**Supplied material**
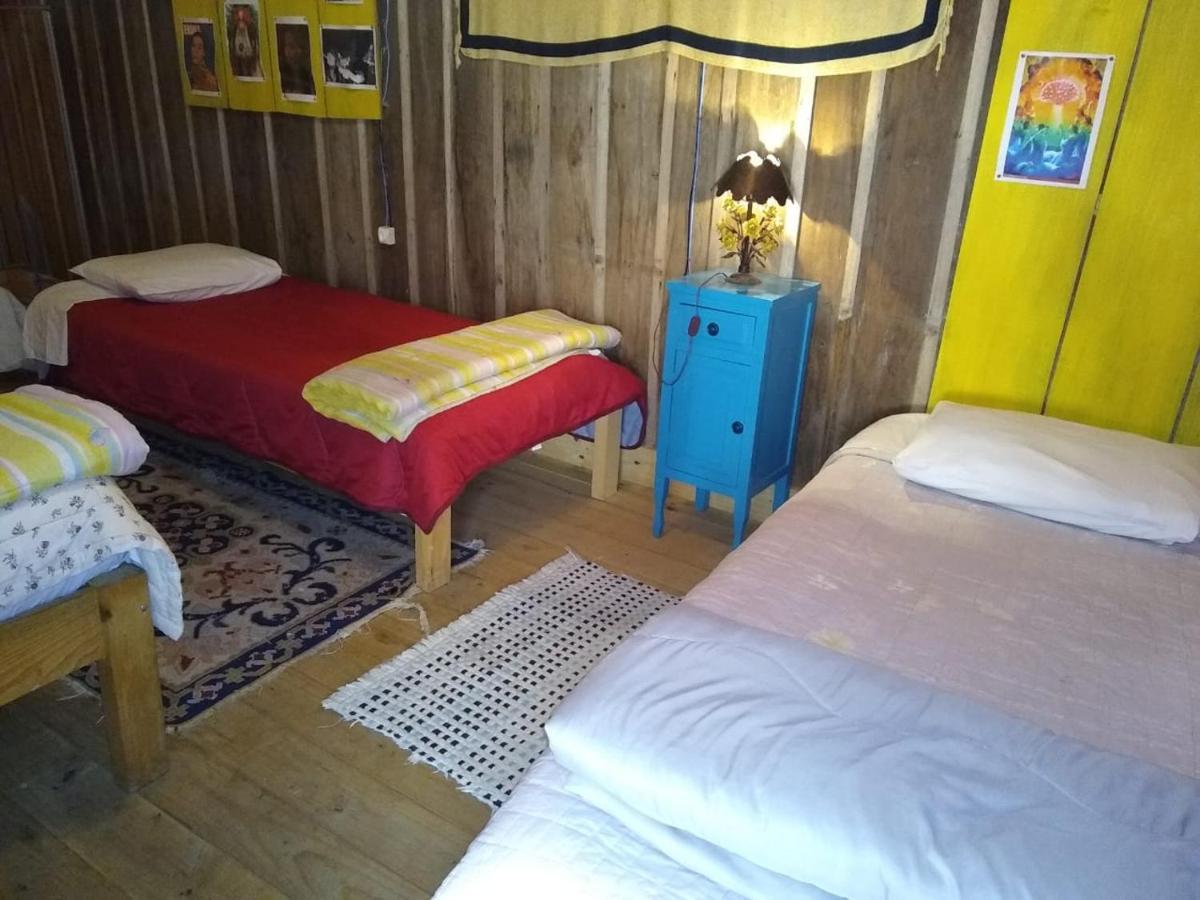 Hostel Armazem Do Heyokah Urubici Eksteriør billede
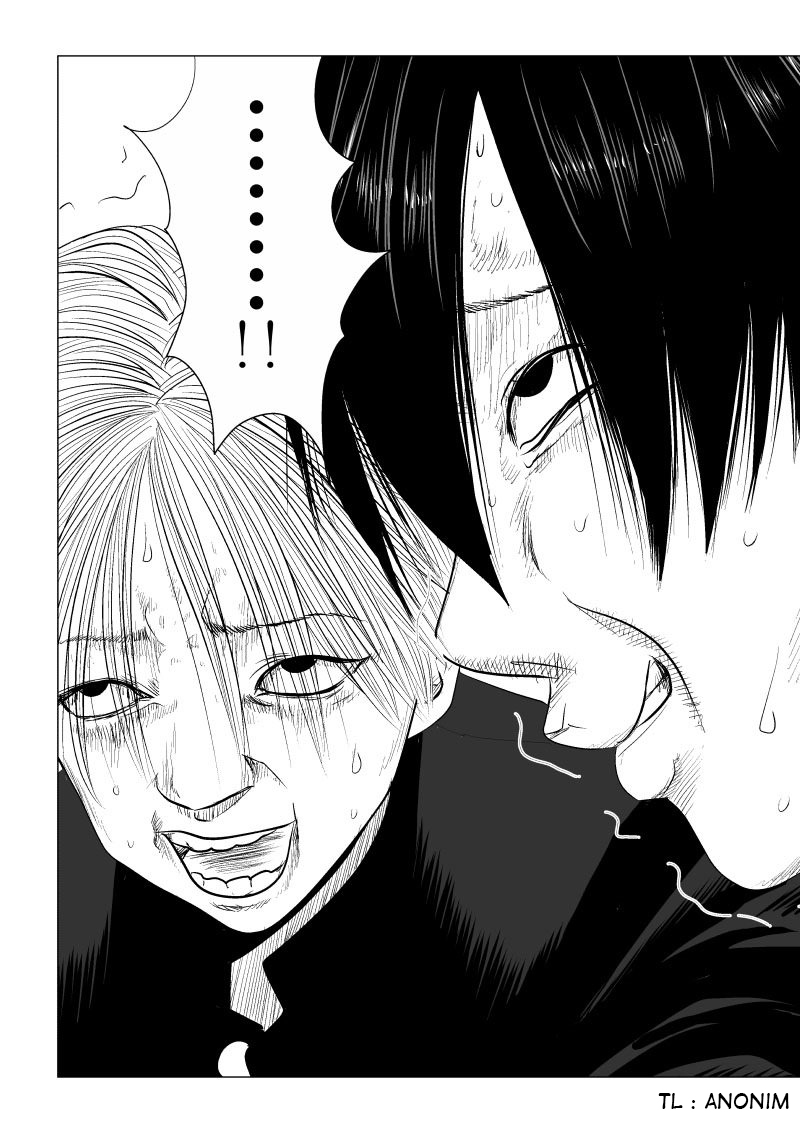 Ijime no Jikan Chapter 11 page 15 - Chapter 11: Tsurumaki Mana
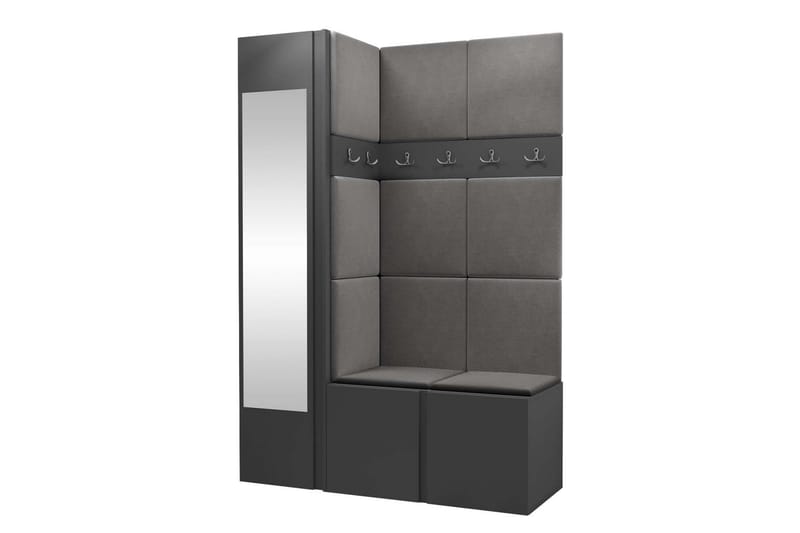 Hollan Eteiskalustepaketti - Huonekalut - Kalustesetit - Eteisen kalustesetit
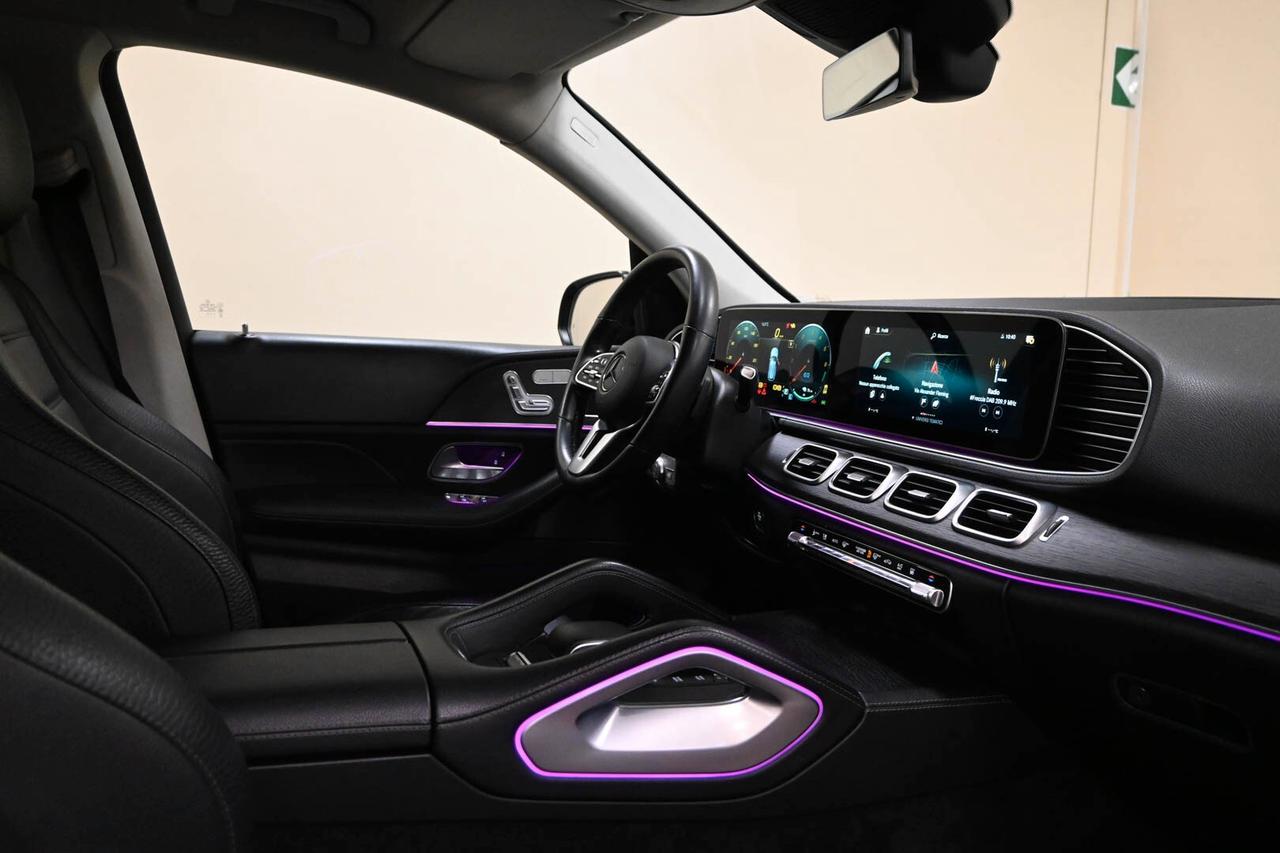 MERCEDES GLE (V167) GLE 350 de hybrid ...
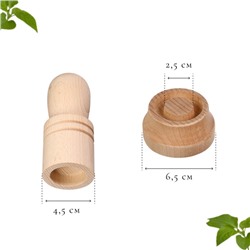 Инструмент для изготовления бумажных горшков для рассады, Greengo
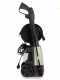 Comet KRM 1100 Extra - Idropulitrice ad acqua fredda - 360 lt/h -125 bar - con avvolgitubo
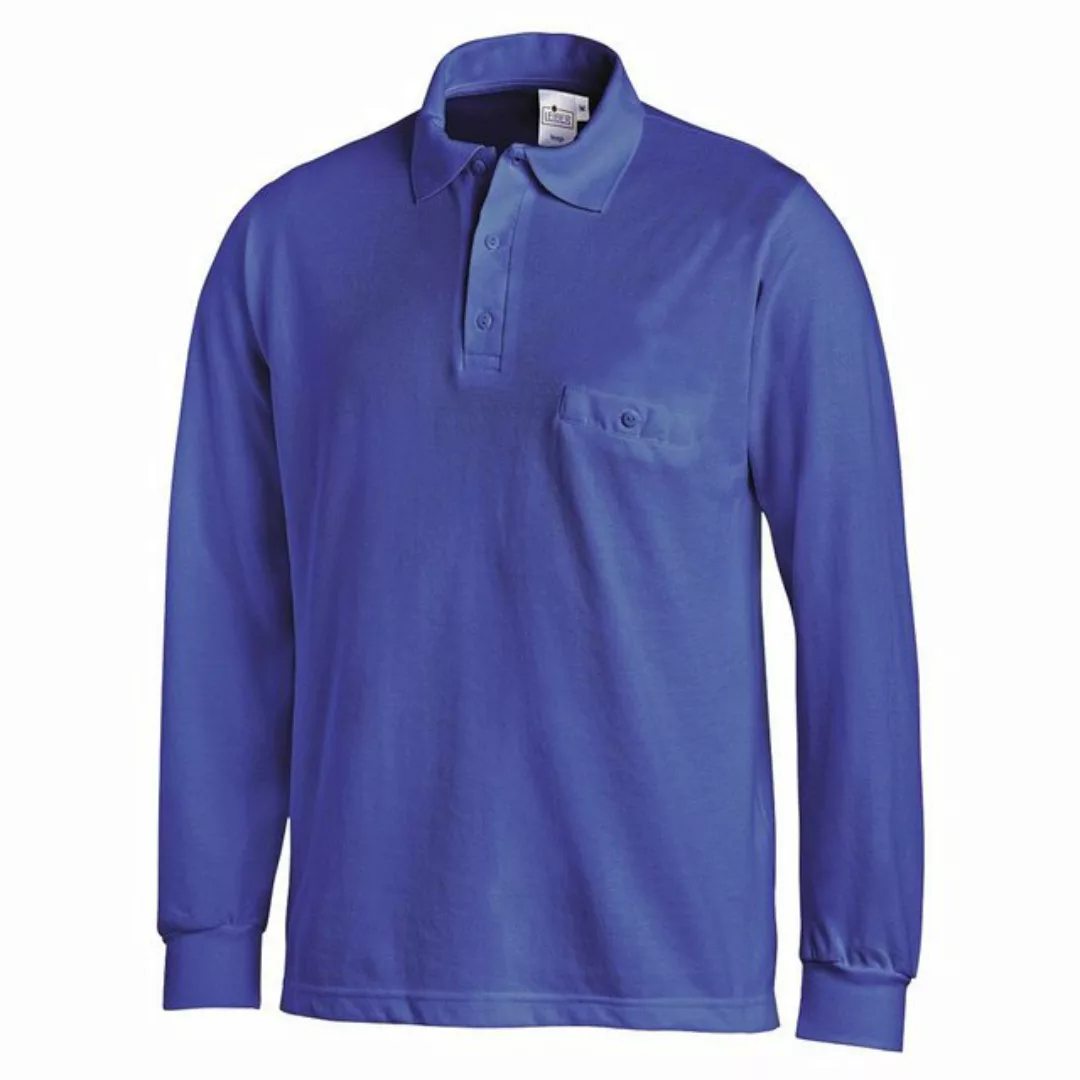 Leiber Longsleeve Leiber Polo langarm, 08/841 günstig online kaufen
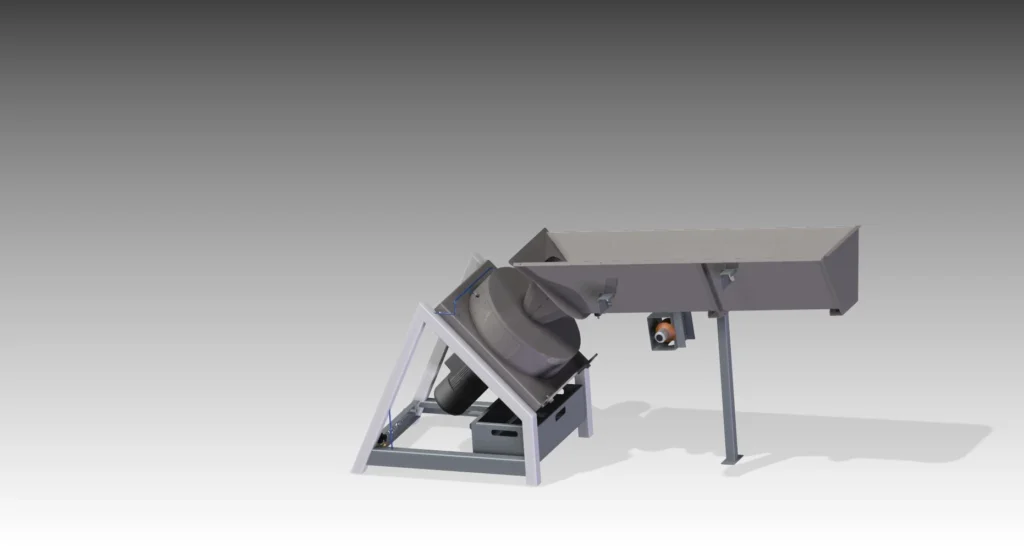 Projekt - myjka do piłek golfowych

**What the task asks**
Only the lines from the one containing "Ijime no Jikan" through the last line of the data above, both included, belong in the reply, each restated exactly and without pictures.

**The completed task**
 Ijime no Jikan Chapter 11 page 15 - Chapter 11: Tsurumaki Mana
 Hollan Eteiskalustepaketti - Huonekalut - Kalustesetit - Eteisen kalustesetit
 MERCEDES GLE (V167) GLE 350 de hybrid ...
 Инструмент для изготовления бумажных горшков для рассады, Greengo
 Comet KRM 1100 Extra - Idropulitrice ad acqua fredda - 360 lt/h -125 bar - con avvolgitubo
 Leiber Longsleeve Leiber Polo langarm, 08/841 günstig online kaufen
 Projekt - myjka do piłek golfowych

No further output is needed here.